Thursday, November 9th 2023, 5:17 pm
A republican lawmaker is raising concerns about the state’s death penalty.
“Death row has to be the highest of bars to meet, and I don't believe several cases we have on death row have even met that bar,” said Rep. Kevin McDugle (R-Broken Arrow).
Oklahoma has carried out 122 executions since 1976, more than any other state in the U.S. Oklahoma has also exonerated 11 people in that time period.
After a clemency recommendation from the pardon and parole board, we’re waiting on word from the governor, if death row inmate Phillip Hancock’s life will be spared.
“I fight for it because Oklahomans - we want to do the right thing and the right thing is not putting Phillip Hancock to death, that's for sure,” said Rep.

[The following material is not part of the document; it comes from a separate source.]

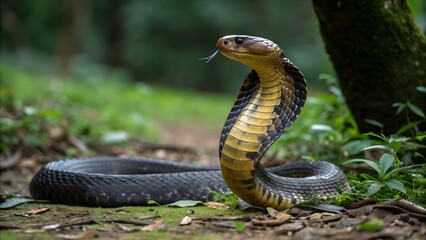Fototapeta premium snake in the grass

McDugle.
Rep. McDugle has spent the last few years digging into the state’s death penalty. He says he’s uncovered some serious problems.

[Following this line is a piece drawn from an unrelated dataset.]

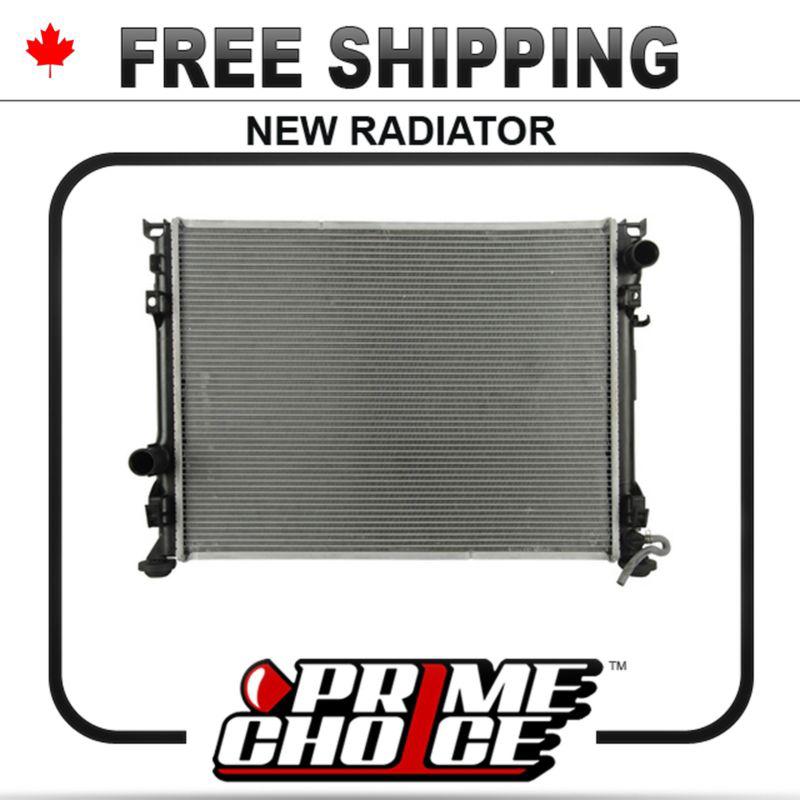 New direct fit complete aluminum radiator leak tested rad 2.7l-3.5l-5.7l-6.1l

“I’m 100 percent pro death penalty but we've got to get it right. Oklahomans don't want to put innocent people to death. We've got to make sure if we have a process for the death penalty that its a high bar for the most heinous crimes,” said Rep. McDugle.
McDugle says some of the dozens sitting on death row have not met the high bar, or committed heinous crimes that warrant the death penalty.
“With Phillip Hancock there's all kinds of evidence that they lured him into a house, that he defended himself. Why in the world is he on death row? He shouldn't be on death row today,” said Rep. McDugle.
McDugle was also part of a bipartisan review in 2017 that recommended more than 40 changes to Oklahoma's capital punishment process. While lawmakers continue to push for changes to be made, McDugle says almost none of those recommendations have been implemented.
“Ten percent of the people that we put on death row have been proven innocent so with those ratios we have surely put to death an innocent person at some time,” said Rep. McDugle.
“If we put to death Richard Glossip we put to death an innocent person, Phillip Hancock I believe is the same way,” said Rep. McDugle.
Governor Stitt’s office said in a statement they are reviewing Hancock’s case and clemency recommendation. If Stitt does not grant clemency Hancock is scheduled to be executed on November 30th.